Santayana’s point is that we believe in substance not for logical reasons, nor for experiential reasons; in fact, as far as logic and experience go, the phenomenalist argument is quite compelling. But we can’t help believing in substance. It is an assumptions that is inescapable. All attempts to doubt substance presuppose it. And any philosophical criticisms of substance are bound to be hypocritical, since the philosopher who offers the criticism also operates via animal faith.

So the task of epistemology, Santayana argues, is merely to describe these fundamental beliefs that make up animal faith. We all already assume and act as if knowledge is possible; that experience can be trusted; that reality is more than sensation or ideas. So all epistemological inquiries into the possibility of knowledge are bloodless, academic exercises—the wild play of the imagination when sophistry is embraced. These arguments are as far removed from reality as the wildest myths.

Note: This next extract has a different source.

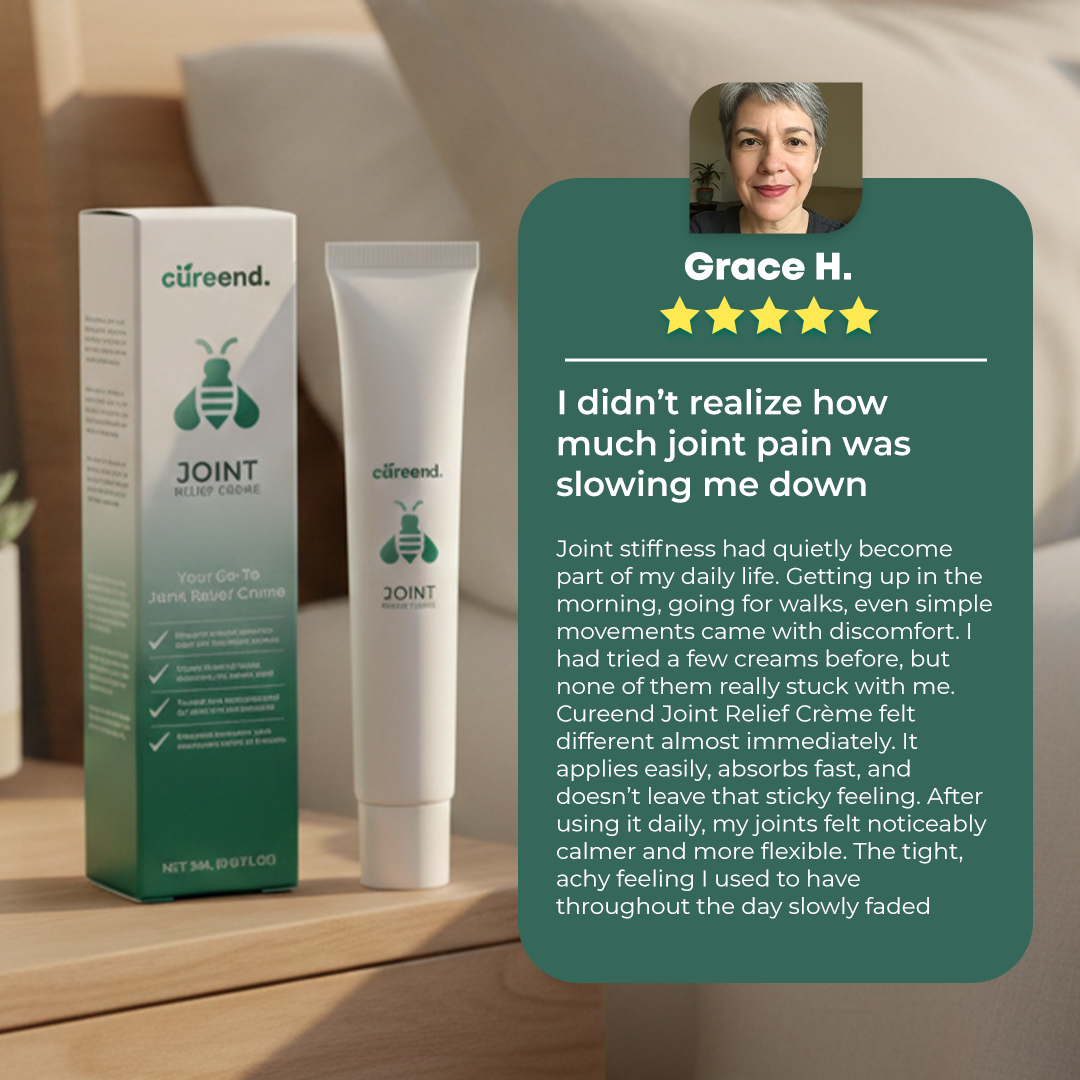 Cureend Joint Relief Creme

Santayana’s realization that he must believe certain things in order to function, regardless of their logical cogency, leads him to his materialism, his naturalism, and his realism.

This more or less sums up Santayana’s epistemological argument. What is his metaphysical argument? I confess that I found this aspect of his thinking both harder to understand and to accept. But I’ll do my best to explain it.

Santayana’s Metaphysics

Santayana thinks that there is not one simple type of being, but four distinct types of being: matter, essence, truth, and spirit. His conceptualizations of truth, matter, and spirit are hardly touched upon in this volume. Santayana spends most of his time explaining his notion of essence. His definition of essence, however, I find puzzling.

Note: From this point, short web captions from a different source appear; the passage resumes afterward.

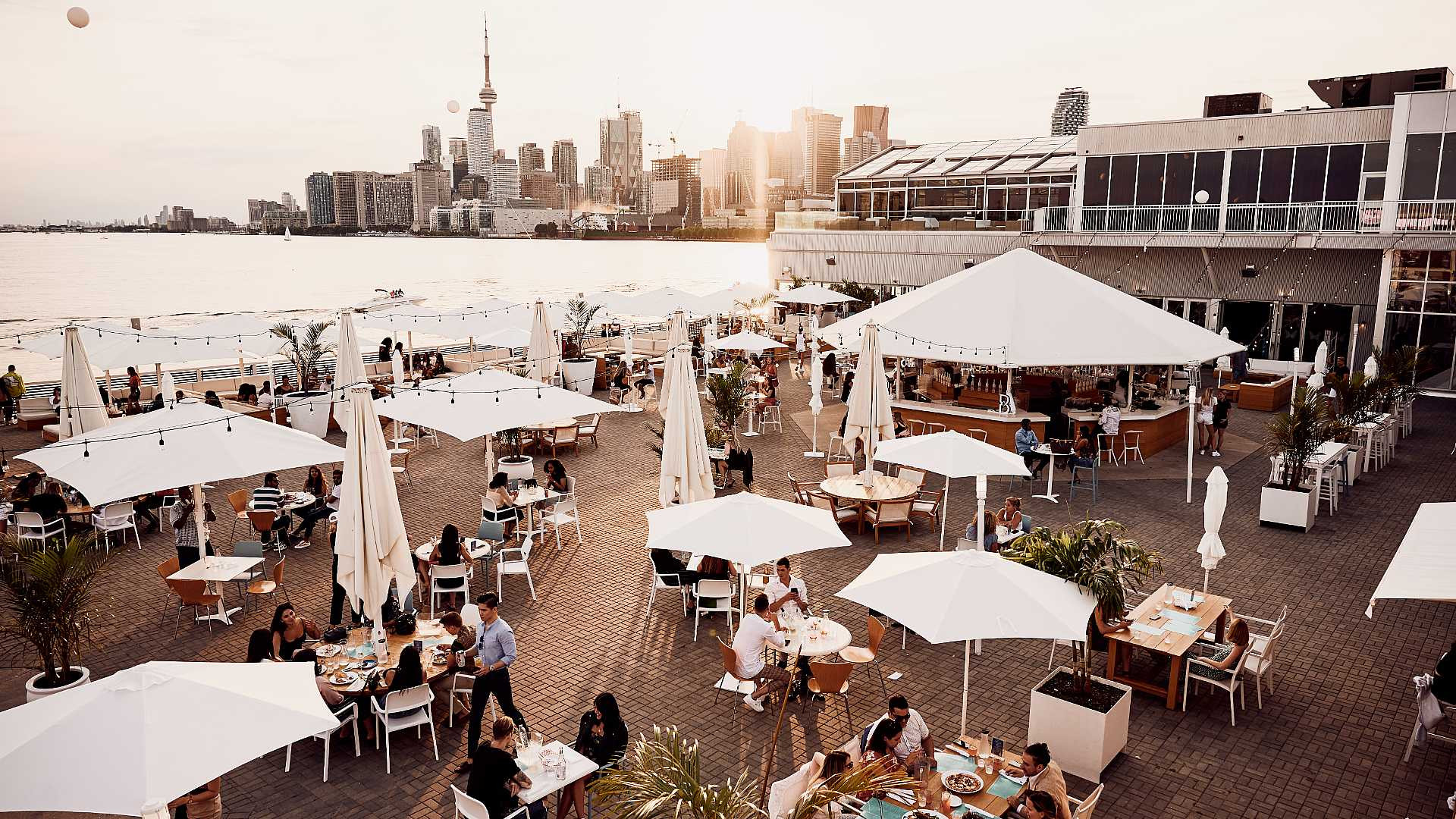 The best Toronto patios open right now Foodism TO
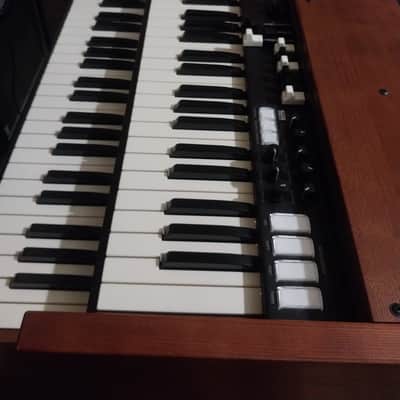 Crumar Mojo classic dual manual 61keys 2025 - Real wood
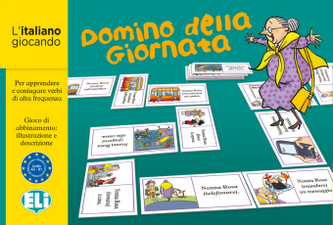 Domino de la giornata (Spiel) Domino de la giornata (Spiel)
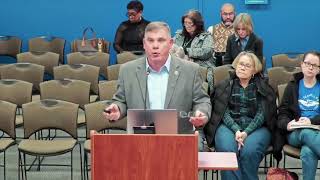North Carolina's Statutory School Closure Procedure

Before I muddle things up, here are some of the ways Santayana defines essence:

The realm of essence is not peopled by choice forms or magic powers. It is simply the unwritten catalogue, prosaic and infinite, of all the characters possessed by such things as happen to exist, together with the characters which all different things would possess if they existed. It is the sum of mentionable objects, of terms about which, or in which, something might be said.

Later, he says “distinction, infinitely minute and indelible distinction from everything else, is what essence means.” I don’t know about you, but I’m still confused. Is an essence a potential object of experience? Is essence an adjective that isn’t necessarily attached to a noun? A disembodied quality? But Santayana thinks that essences exist independently of both mind and matter; they are eternal and infinite. But how could a quality exist independently of a perceiving mind to take note of it?

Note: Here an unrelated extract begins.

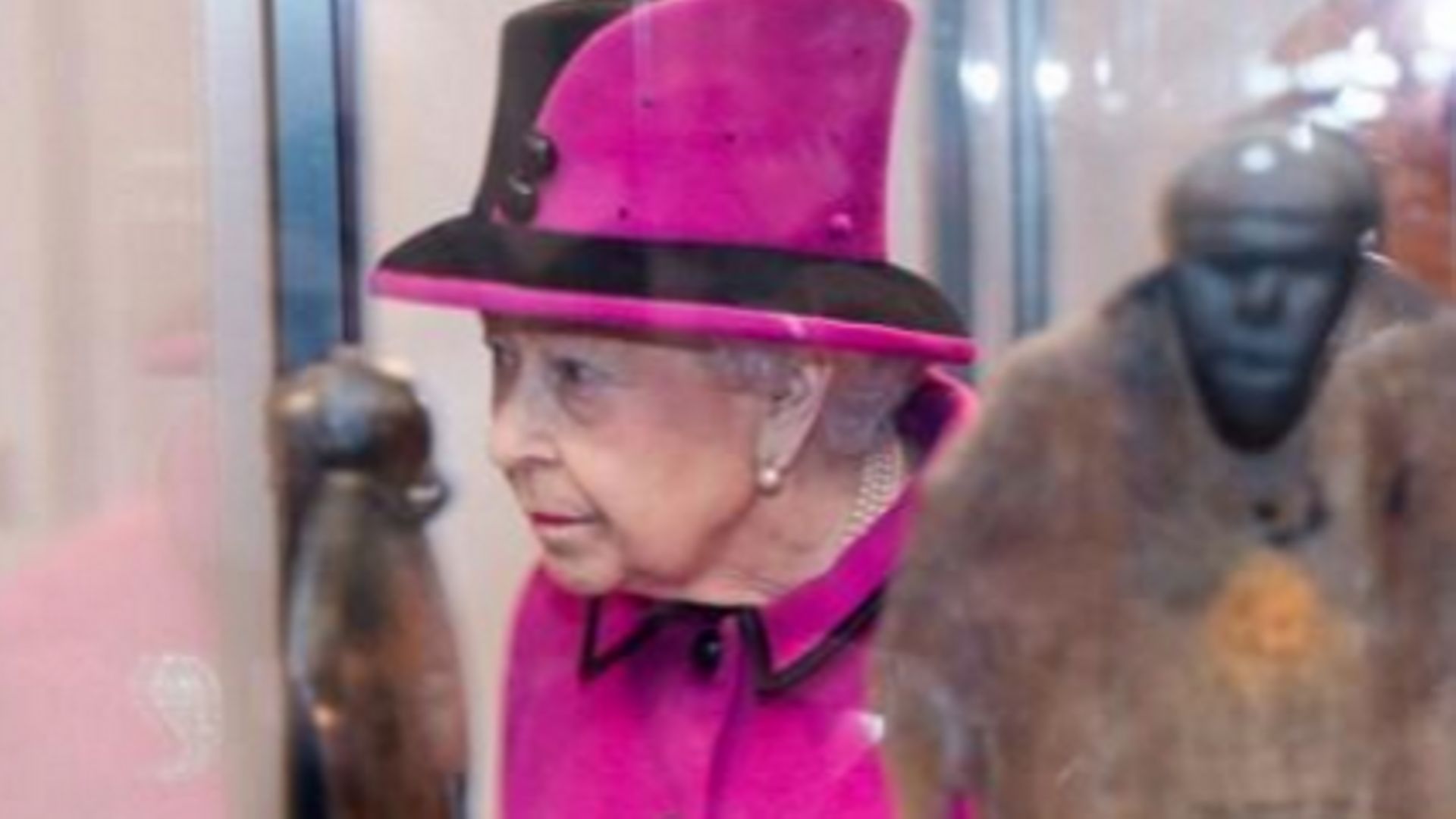 GB: jubilé de saphir pour la reine Elizabeth II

This quote made it more clear to me: “Substance is the speaker and substance is the theme; intuition is only the act of speaking or hearing, and the given essence is the audible word.” Let us recall Santayana’s view of the mind. Santayana thinks consciousness is an inner myth; that our experiences are quite literally fiction. But it is fiction that allows us to operate in the world.

When we see the color red, for example, we see a completely arbitrary mental representation of a certain wavelength of electromagnetic radiation. This representation is neither true nor false; it is a sort of visual symbol that indicates to you that something is in your environment. It is confirmed in experience when you point to a stop sign and say “that’s red,” and your friends agree with you. Similarly, the smell of spaghetti and meatball is an arbitrary mental representation of the atoms and molecules that are buzzing through the air and hitting your nostrils. Whether this is the ‘true’ smell of the spaghetti is besides the point; what matters is that this smell reliably indicates the presence of delicious food that makes your belly feel full and doesn’t poison your body. In summary, sensations are signposts that tell you what to do and where to go; they aren’t the things themselves.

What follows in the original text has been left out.